ALLERJİK NEZLEDE BURUN YIKAMA FORMÜLÜ
Eau de distile 100 ml
Mersin hidrosolü 100ml -Myrtus communis
İnce tuz 1/2 çorba kaşığı
Lavanta u.y -Lavandula angustifolia 7qqt
Limon u.y -Citrus limon 7qqt
Nane u.y -Mentha piperita –3qqt
Günde 3 kez buruna uygulanmalıdır.
TARÇIN - Cinnamomum Verum
Tarçın; antiviral, antimikrobiyal, antibakteriyel ve antifungal özellikleri bulunmaktadır.
Tarçın uçucu yağı özellikle başedilmesi zor stafilokok enfeksiyonları üzerinde etkilidir.
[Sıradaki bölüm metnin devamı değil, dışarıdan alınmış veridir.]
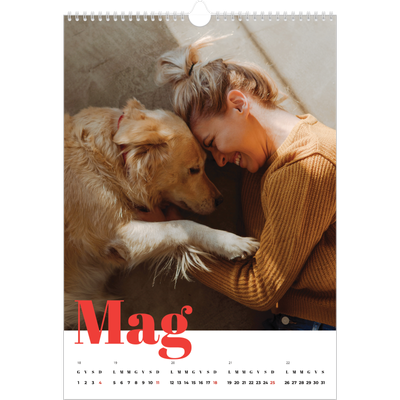 Calendario A3 verticale — Un anno audace [copertina]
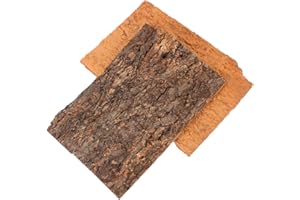 Housoutil Corteza de corcho de fondo 2 piezas de corteza de reptil terrario de corcho para lagartos, serpientes, arañas, cangrejos ermitaños, tarántulas, geckos, barbudos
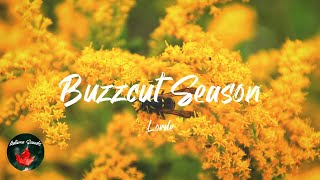 Lorde - Buzzcut Season 
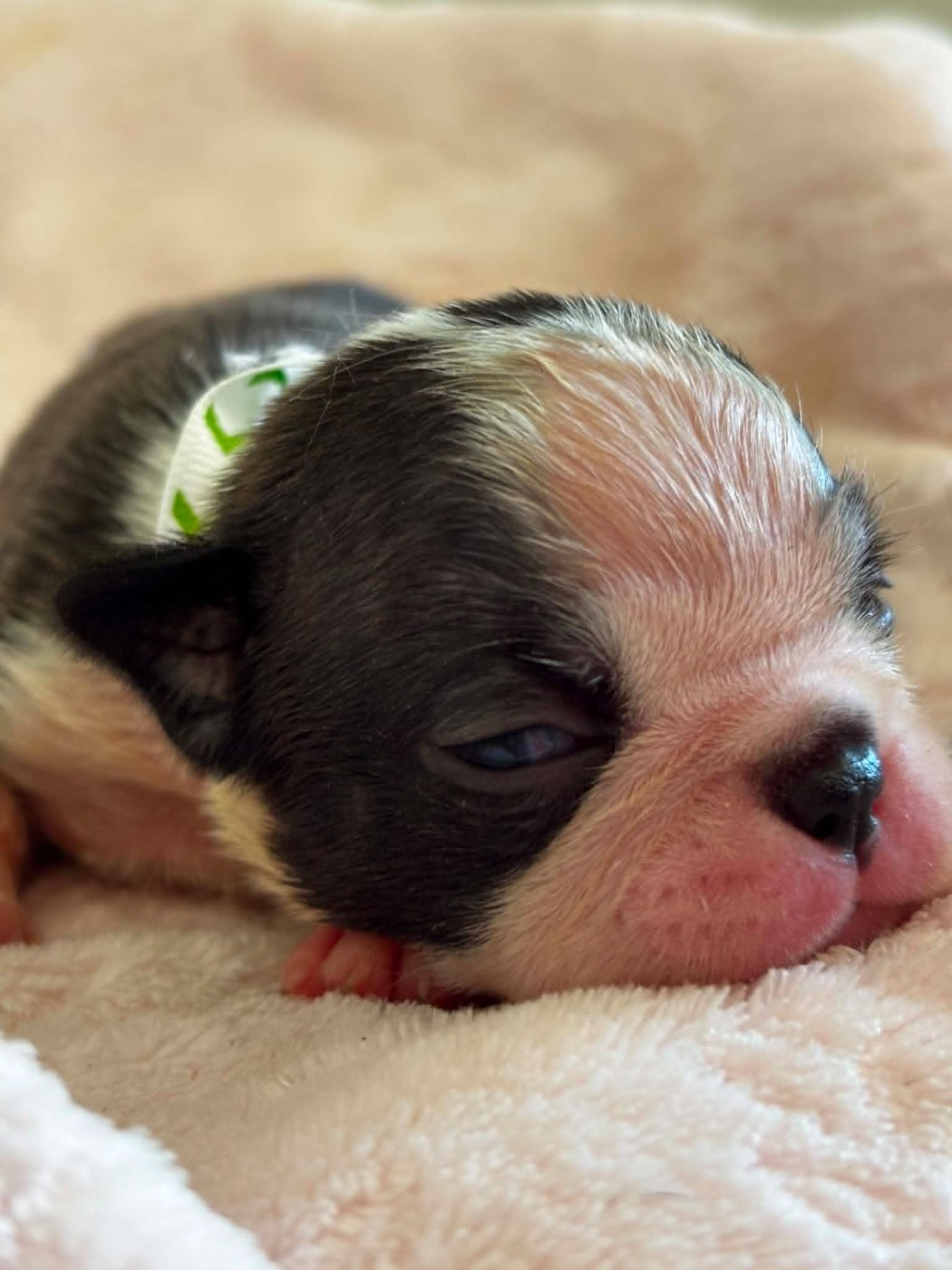 Du Domaine Des Pensées Magiques - Chiots disponibles - Boston Terrier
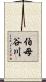伯母谷川 Scroll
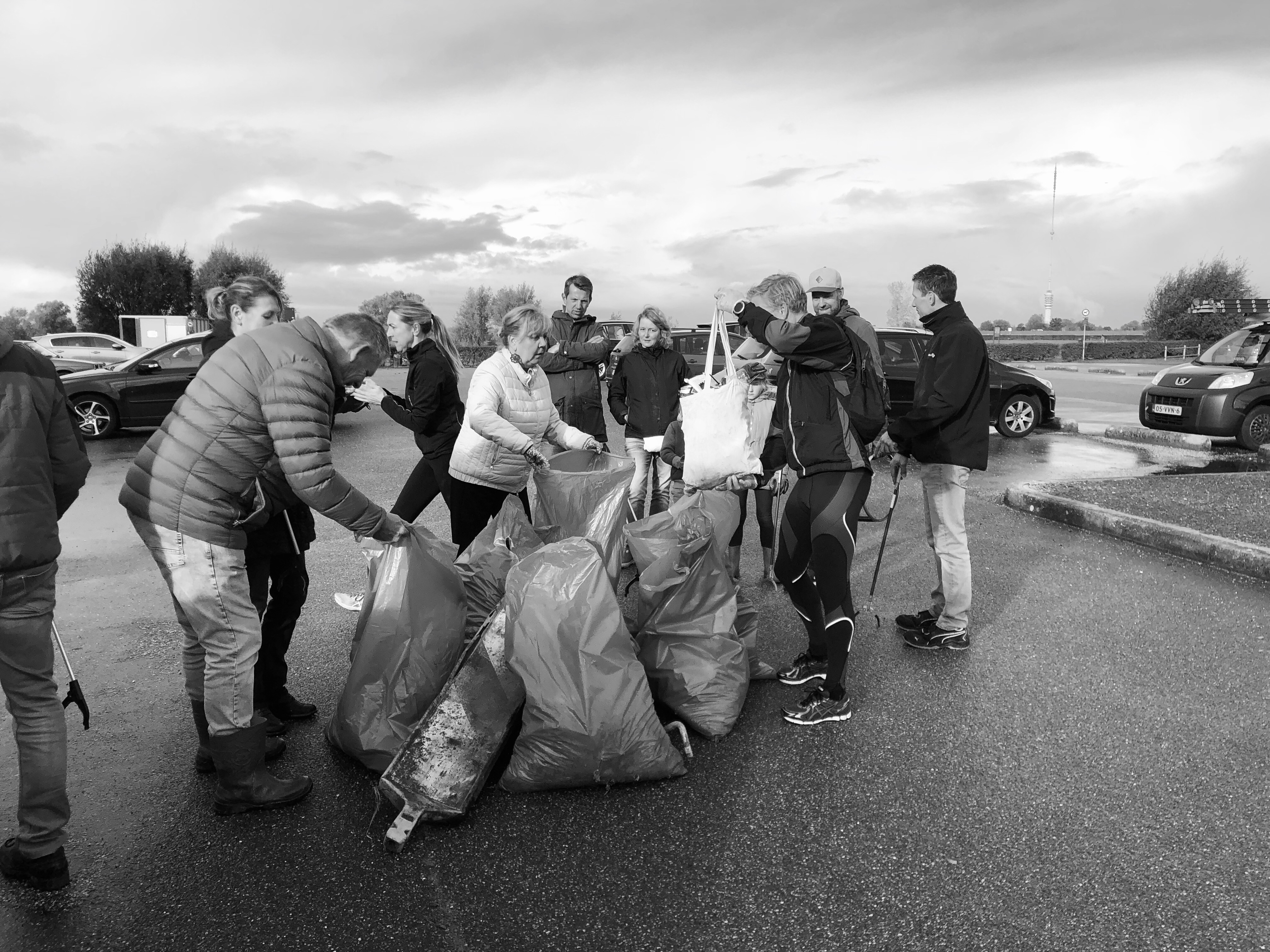 Cleanup Middelwaard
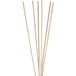 LINARI Diffusers Natural Evaporating Sticks Set - Fragrance Sticks & Room Sprays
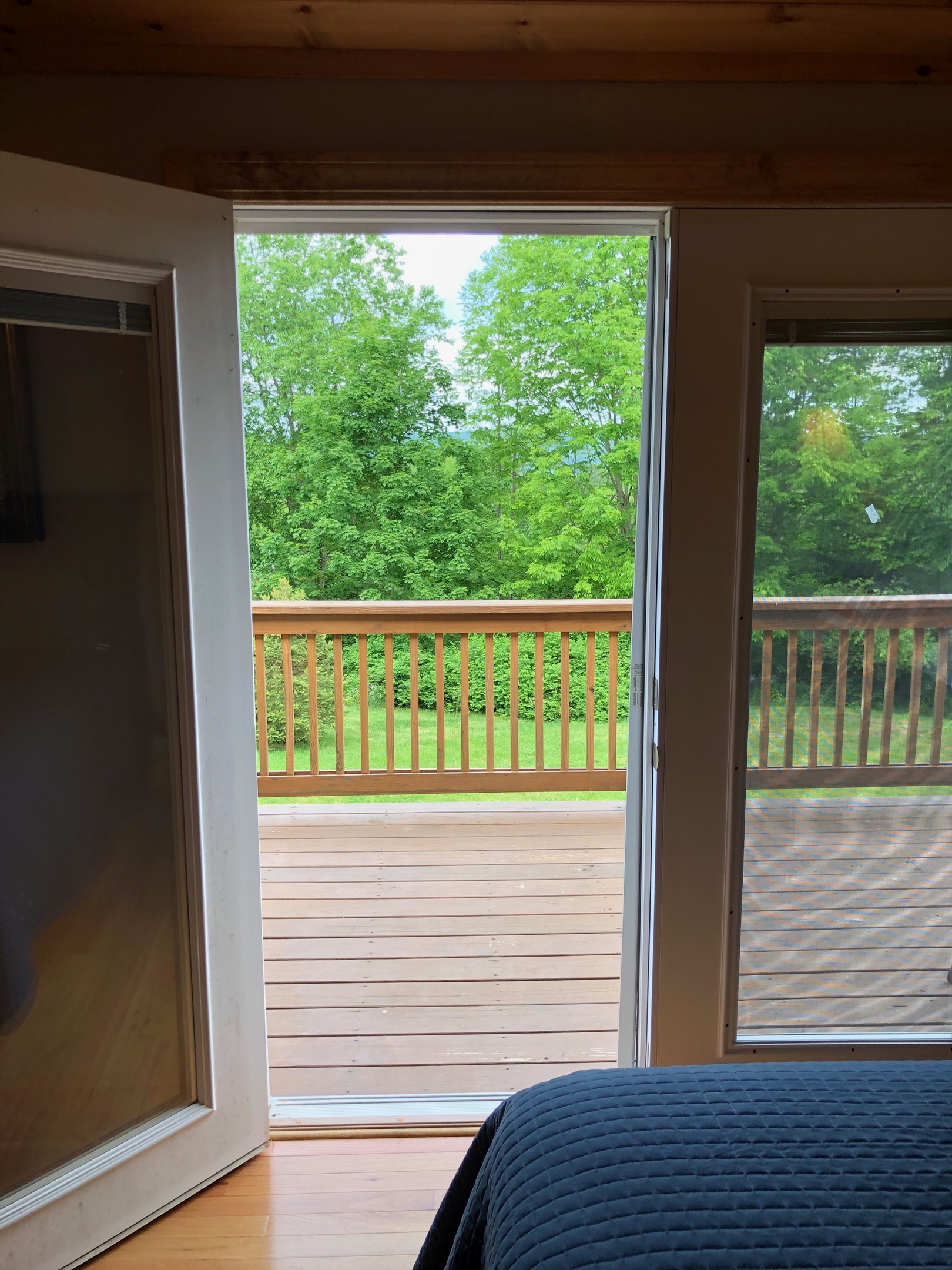 Beautiful views of nothing but green from the living room.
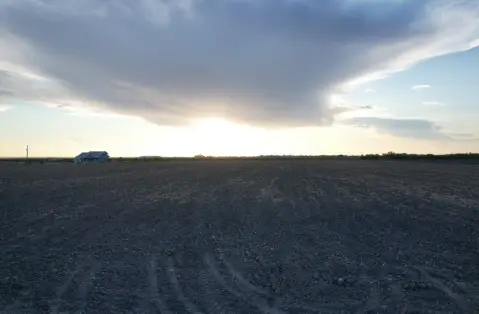 11.28-Acre Farmland Tract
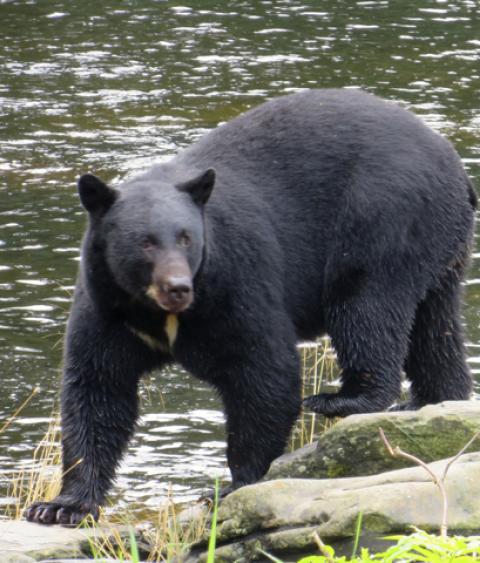 Black bear in Alaska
Çok güçlü bir uçucu yağ olduğundan karışımlara düşük dozlarda girebilir.
Eğer soğuk algınlığı, boğaz ağrısı ve tıkanıklık yaşanıyorsa tarçın uçucu yağı karışımlarda tavsiye edilebilir.
KARANFİL - Syzygium aromaticum
Karanfil uçucu yağının antiviral, antibakteriyel ve antifungal etkileri bulunmaktadır. Bu güçlü yağ, öksürük, baş ve diş ağrısında kullanılır. Enfeksiyonla savaşır ve bağışıklık sistemini güçlendirir.
Karanfilin enflamasyon giderici etkisi solunum yolu problemlerinde öksürük, sinuzit ve bronşitte rahatlamayı sağlar.
Karanfil yağında eugenol bulunmaktadır. Eugenol allerjik reaksiyona neden olabilir. Karışımlarda dikkatli ve düşük dozlarda kullanılmalıdır.
KEKİK- Origanum Vulgare
3500 yıl önce sümerler tarafından dezenfektan olarak kullanıldığı bilinmektedir.
Kekik solunum sistemi enfeksiyonlarında, bronşit, öksürük, influenza, soğuk algınlığı ve tıkanıklıkta etkili olarak kullanılabilir. İçeriğindeki timol ve karvakrol’den dolayı iyi bir balgam söktürürücüdür. Nefes açıcı özelliği ile soğuk algınlığı, bronşit, grip ve astım gibi hastalıklarda rahatlatıcı etki sağlar. Kekik yağının içeriğinde bulunan karvakrol ve timol, bakteri membranını parçalayarak membranla ilgili materyallerin hücre dışına çıkmasını sağlar, lipofilik özelliği sayesinde ise bakteri duvarını delerek hücrenin daha iç kısımlarına ulaşır.
Kekik yağı virus ve bakteriler üzerindeki etki mekanizması ile güçlü antiviral etkilere sahiptir.
Antibakteriyel ve antiviral etkilere sahip bir yağ olan kekik yağı hastalıklara karşı korur.
Kekik yağının limon,ökaliptus ve çay ağacı yağları ile birlikte kullanımı tıkanıklığı azaltır.